• _Exercise instructions_: What is needed here is an exact repetition of the records below, beginning at the line that has "Pull&Bear Short sleeve" and stopping after the line that has "The Argentiere glacier, Mont".

• _Data listing_:

--- START ---

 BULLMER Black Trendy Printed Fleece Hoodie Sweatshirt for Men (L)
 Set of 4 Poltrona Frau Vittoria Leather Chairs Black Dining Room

--- END ---
--- START ---

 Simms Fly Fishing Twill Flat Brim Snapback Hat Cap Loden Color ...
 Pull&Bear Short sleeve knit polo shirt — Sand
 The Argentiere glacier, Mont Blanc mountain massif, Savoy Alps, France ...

--- END ---

• _Answer box_:
 Pull&Bear Short sleeve knit polo shirt — Sand
 The Argentiere glacier, Mont Blanc mountain massif, Savoy Alps, France ...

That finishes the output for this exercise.